"This award is funded under the American Recovery and Reinvestment Act of 2009 (Public Law 111-5)."
Coherent nonlinear laser microscopy (CNLM) such as third harmonic (THG) and second harmonic (SHG) generation microscopes are widely used imaging tools. However, their application to date has eluded systems requiring rapid image acquisition. We propose to develop a method for rapidly acquiring three-dimensional (3D) images formed by nonlinear microscopy by means of digital holography coupled with rapid spatio-temporal scanning of the driving ultrafast laser pulses.
Intellectual Merits: The proposed research will develop these capabilities which can be used to study fast dynamics of many processes. Making use of recent advances in spatio-temporal focusing, it will be possible to develop new forms of very high speed 3D imaging with coherent nonlinear contrast mechanisms. We will build an understanding of the capabilities of 3D nonlinear imaging and will better understand how to optimize both transverse and longitudinal (axial) resolution, while obtaining 3D information about an object.

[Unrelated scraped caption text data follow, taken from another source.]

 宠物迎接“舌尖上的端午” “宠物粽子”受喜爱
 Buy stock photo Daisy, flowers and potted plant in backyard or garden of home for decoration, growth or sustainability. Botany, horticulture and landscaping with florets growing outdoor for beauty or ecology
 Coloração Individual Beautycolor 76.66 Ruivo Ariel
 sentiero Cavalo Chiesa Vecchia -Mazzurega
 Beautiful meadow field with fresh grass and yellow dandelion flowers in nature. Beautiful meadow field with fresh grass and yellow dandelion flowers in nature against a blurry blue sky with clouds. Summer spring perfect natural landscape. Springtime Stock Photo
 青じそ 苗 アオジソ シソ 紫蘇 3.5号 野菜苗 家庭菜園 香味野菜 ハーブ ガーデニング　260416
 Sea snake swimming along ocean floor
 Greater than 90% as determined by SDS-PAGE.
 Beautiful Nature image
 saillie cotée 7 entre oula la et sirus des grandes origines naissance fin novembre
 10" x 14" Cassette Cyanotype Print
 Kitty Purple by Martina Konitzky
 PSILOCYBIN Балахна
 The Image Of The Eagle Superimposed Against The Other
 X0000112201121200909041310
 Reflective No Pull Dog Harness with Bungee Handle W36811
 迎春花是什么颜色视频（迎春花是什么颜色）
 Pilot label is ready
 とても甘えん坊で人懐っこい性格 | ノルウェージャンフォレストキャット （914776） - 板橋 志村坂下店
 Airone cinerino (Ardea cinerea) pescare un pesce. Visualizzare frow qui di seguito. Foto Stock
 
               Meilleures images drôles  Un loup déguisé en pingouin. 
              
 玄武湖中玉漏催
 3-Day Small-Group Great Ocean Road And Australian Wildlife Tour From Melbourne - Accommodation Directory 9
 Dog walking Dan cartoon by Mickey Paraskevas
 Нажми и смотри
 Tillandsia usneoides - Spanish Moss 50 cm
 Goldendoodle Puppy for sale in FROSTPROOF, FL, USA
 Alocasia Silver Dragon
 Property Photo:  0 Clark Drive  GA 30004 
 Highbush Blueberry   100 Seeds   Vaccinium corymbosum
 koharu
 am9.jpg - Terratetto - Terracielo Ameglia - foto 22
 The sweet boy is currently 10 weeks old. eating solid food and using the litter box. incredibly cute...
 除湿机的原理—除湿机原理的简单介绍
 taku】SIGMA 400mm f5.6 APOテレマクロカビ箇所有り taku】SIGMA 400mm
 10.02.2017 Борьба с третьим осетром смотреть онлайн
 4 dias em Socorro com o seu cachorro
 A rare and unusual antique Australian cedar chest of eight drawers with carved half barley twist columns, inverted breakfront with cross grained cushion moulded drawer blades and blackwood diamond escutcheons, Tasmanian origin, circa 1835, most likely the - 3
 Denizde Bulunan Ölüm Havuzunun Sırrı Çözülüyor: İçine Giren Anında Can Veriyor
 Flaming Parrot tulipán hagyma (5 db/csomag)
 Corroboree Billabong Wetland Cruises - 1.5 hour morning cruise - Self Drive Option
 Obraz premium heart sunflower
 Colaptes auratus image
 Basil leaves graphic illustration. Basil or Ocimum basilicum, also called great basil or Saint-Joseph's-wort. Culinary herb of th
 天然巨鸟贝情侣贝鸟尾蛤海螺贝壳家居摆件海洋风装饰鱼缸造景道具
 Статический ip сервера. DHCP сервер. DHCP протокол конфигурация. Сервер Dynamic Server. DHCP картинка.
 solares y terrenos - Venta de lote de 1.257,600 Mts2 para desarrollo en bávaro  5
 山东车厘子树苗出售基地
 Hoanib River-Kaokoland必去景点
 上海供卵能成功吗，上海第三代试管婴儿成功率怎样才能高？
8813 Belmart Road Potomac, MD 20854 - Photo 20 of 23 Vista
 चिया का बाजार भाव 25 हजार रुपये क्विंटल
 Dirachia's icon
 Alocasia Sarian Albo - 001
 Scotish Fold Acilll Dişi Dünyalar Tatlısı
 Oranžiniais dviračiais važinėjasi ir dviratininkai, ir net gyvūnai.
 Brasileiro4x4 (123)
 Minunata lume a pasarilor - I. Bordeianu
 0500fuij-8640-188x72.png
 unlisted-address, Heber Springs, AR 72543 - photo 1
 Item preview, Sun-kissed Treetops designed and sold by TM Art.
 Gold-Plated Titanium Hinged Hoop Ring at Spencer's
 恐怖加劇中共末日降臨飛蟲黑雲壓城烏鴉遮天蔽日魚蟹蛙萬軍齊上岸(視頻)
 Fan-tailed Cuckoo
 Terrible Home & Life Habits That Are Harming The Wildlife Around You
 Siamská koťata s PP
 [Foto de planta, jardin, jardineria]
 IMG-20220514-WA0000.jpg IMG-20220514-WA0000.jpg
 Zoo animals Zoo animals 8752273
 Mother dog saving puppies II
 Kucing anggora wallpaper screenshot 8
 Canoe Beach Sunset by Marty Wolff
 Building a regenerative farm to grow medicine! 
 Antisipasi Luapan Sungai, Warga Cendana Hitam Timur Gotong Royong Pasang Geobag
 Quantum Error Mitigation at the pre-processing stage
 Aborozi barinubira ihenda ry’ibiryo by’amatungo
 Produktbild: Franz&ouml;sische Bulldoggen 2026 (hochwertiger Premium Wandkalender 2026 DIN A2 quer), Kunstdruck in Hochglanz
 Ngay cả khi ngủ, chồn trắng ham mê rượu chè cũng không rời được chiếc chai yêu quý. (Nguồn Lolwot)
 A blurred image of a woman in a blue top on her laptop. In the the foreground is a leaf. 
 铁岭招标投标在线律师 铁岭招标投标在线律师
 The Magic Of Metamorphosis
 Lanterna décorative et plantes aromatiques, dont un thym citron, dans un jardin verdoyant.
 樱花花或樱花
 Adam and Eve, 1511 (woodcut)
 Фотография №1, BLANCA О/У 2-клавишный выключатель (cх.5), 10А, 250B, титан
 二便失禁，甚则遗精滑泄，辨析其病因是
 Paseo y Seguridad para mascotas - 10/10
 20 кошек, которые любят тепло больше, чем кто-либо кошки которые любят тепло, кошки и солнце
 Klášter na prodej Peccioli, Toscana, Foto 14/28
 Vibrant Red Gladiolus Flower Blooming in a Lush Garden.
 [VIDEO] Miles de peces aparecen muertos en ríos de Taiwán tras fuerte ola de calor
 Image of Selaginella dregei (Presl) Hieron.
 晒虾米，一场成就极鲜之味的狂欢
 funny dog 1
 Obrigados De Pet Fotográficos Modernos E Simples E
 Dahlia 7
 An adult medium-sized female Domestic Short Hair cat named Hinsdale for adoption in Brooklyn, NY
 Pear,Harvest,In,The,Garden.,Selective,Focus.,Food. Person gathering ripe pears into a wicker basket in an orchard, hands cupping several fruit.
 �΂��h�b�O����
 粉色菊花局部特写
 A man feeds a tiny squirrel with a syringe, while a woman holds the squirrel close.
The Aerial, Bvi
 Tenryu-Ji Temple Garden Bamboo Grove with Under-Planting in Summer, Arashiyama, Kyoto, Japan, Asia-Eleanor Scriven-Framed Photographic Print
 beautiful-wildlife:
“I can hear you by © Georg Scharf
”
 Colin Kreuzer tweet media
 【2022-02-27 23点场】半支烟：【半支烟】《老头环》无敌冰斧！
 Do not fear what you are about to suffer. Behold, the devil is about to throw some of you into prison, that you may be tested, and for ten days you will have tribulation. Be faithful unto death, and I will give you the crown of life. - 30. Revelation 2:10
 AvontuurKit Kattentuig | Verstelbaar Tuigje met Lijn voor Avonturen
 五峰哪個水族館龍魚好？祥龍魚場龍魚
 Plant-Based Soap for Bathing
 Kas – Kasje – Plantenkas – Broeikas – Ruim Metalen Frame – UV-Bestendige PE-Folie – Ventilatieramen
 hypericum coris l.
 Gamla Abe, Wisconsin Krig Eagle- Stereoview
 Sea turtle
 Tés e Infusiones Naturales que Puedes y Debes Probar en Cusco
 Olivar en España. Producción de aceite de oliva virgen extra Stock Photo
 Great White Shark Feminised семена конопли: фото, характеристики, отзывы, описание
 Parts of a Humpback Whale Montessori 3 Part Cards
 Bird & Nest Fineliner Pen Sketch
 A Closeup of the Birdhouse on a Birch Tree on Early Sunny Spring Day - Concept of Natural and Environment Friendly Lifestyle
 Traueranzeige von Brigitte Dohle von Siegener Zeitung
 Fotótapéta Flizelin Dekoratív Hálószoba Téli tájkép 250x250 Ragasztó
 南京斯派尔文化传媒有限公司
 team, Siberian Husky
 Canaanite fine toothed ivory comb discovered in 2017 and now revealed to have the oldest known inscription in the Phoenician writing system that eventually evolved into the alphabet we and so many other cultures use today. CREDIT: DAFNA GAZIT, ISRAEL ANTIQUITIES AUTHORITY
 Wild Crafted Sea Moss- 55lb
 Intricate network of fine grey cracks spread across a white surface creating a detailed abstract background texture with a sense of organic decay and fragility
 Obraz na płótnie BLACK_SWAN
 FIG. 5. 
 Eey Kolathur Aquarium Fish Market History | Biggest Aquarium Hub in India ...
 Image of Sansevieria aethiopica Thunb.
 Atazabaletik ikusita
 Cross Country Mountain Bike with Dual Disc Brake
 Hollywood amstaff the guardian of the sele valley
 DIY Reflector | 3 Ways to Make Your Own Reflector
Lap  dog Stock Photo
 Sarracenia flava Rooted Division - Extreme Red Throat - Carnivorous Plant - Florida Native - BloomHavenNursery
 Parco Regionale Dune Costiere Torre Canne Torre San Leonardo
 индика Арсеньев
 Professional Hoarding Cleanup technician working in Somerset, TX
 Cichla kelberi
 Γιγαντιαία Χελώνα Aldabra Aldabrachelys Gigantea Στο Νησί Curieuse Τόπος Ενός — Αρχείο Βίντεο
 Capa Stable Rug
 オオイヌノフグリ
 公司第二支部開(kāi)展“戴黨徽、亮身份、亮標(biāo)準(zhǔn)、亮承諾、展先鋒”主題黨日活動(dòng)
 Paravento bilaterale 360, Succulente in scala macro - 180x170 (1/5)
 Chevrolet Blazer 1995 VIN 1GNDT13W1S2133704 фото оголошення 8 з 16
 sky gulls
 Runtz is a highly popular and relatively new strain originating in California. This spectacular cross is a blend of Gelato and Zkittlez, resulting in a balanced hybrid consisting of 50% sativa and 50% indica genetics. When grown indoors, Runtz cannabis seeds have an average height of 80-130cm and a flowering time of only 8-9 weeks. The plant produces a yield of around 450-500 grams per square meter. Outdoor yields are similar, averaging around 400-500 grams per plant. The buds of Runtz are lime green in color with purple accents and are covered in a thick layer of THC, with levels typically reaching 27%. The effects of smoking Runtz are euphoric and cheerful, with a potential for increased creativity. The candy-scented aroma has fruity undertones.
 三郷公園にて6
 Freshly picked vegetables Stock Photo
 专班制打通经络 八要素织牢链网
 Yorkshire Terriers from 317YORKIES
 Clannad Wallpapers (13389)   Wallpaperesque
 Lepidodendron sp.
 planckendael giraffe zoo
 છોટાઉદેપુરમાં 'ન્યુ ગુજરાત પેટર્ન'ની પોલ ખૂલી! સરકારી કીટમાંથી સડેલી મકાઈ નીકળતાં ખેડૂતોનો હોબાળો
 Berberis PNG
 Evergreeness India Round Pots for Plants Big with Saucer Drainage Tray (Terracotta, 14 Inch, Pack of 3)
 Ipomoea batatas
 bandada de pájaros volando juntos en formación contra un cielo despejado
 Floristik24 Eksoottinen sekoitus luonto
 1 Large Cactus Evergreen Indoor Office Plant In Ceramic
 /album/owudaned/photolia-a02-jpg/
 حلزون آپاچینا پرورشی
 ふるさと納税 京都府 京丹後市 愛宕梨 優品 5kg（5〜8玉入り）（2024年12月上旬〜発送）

Broader Impacts: This research will primarily focus on THG microscopy; but the technique is applicable to other coherent nonlinear microscopes, such as second-harmonic generation (SHG) and coherent anti-Stokes Raman spectroscopy (CARS). Increased acquisition rates made possible with holographic microscopy will permit the study of micro- to millisecond-timescale dynamics. Undergraduate researchers will be involved in all aspects of this project focusing on research areas of ultrafast and nonlinear optics, and microscopy. Research findings will be incorporated into courses taught by the PI, particularly Ultrafast Optics and Nonlinear Optics. In addition, the PI will continue revising and delivering his "optics show" for K-2nd graders.